■ TO DO
Exactly the lines from the one holding "Apartment Casa Vacanze Pleiadi *" through the end of the material below must be printed, nothing more, and the pictures must be dropped.

■ DATASET RECORDS
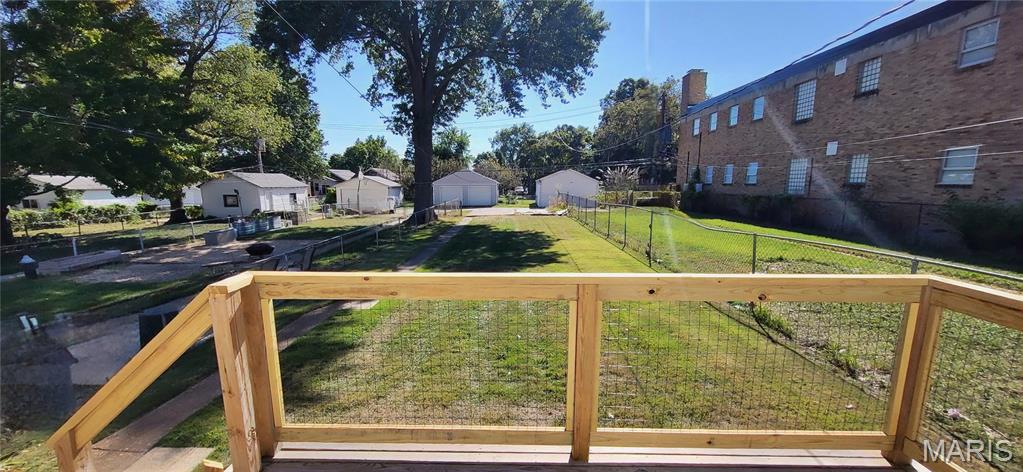 Foys Ivanhoe Add - Residential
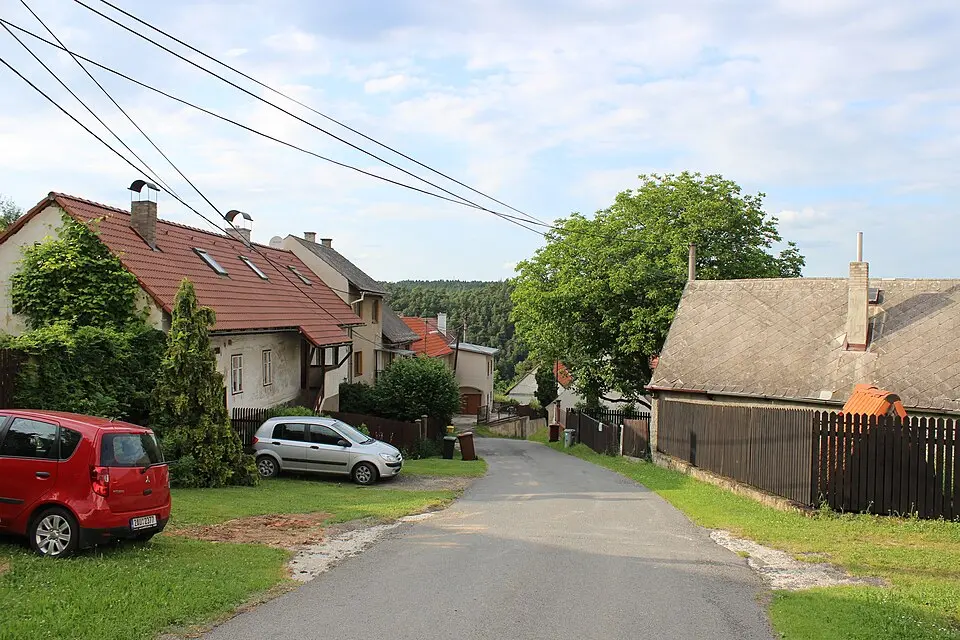 Ryšín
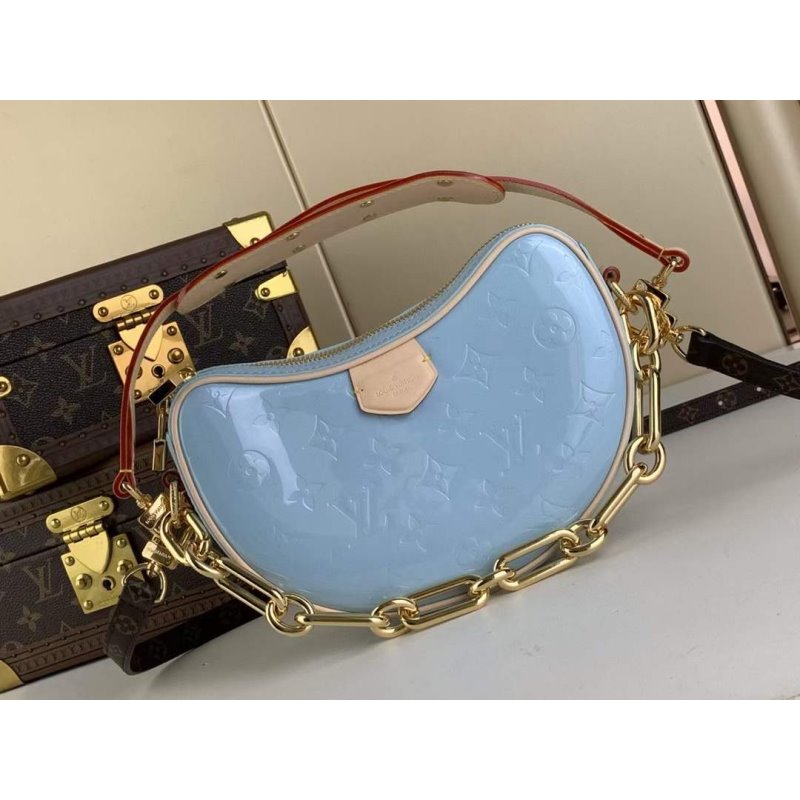 Louis Vuitton LV Reminx Hand Bag BG02027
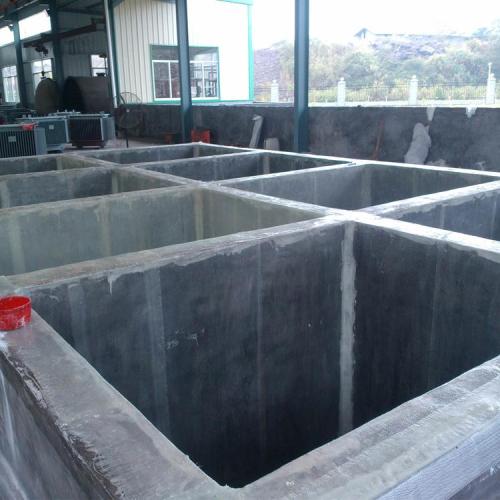 ��ˮ�ط�������ʩ��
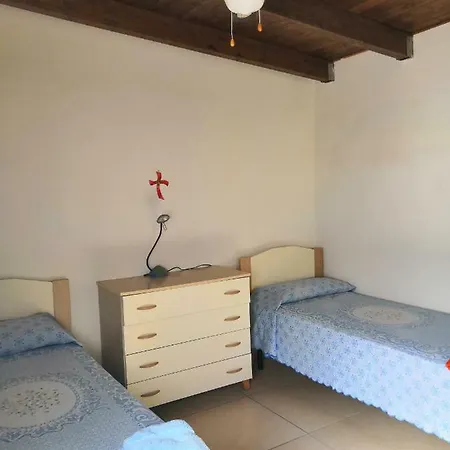 Apartment Casa Vacanze Pleiadi *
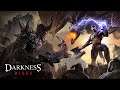 Raspberry Pi 4 Gaming | Darkness Rises | Android 11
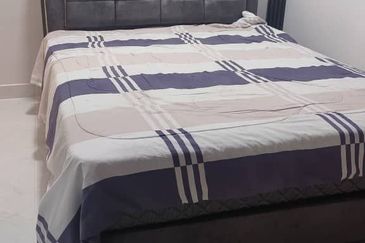 Palazzo @ Ipoh Garden East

■ RESULT
 Apartment Casa Vacanze Pleiadi *
 Raspberry Pi 4 Gaming | Darkness Rises | Android 11
 Palazzo @ Ipoh Garden East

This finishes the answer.